032c, the German culture magazine-turned cult streetwear brand, was forced to do three additional back-to-back shows for its first full menswear collection due to increased demand. “Originally, only one show was planned but there are still so many kids in the rain out there,” 032c founder Joerg Koch said after the third presentation, “so I was like, we have the Palazzo at our disposal until 10 p.m. We should get the kids in and show again.”

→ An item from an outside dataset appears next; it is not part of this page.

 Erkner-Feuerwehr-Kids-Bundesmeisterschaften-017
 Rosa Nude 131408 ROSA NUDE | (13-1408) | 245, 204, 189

Staged inside the Great Hall of the building, where the ceiling is covered by frescoes by Neapolitan painter Luca Giordano, 032c’s show, titled “What We Believe,” was not like most traditional runway shows. A video of a group of men singing Savage Garden’s “Truly Madly Deep” was projected onto a big screen stationed at the end of the runway. There was a pole acrobatic dance performance. 032c’s friends and family, its editors, and dancers from Berlin, some of whom occasionally did contemporary dance moves in the middle of the catwalk, modeled the 20-piece collection. Inspired by the Black Mountain College, an experimental college in Northern California founded in 1933, the collection included sweaters emblazoned with 032c’s logo and Renaissance art, blue twill workers jackets and pants, bomber jackets, graphic T-shirts, rubber clogs with the support of Birkenstock, 032c-branded belt buckle, and leather garments for women such as a dress and pajamas.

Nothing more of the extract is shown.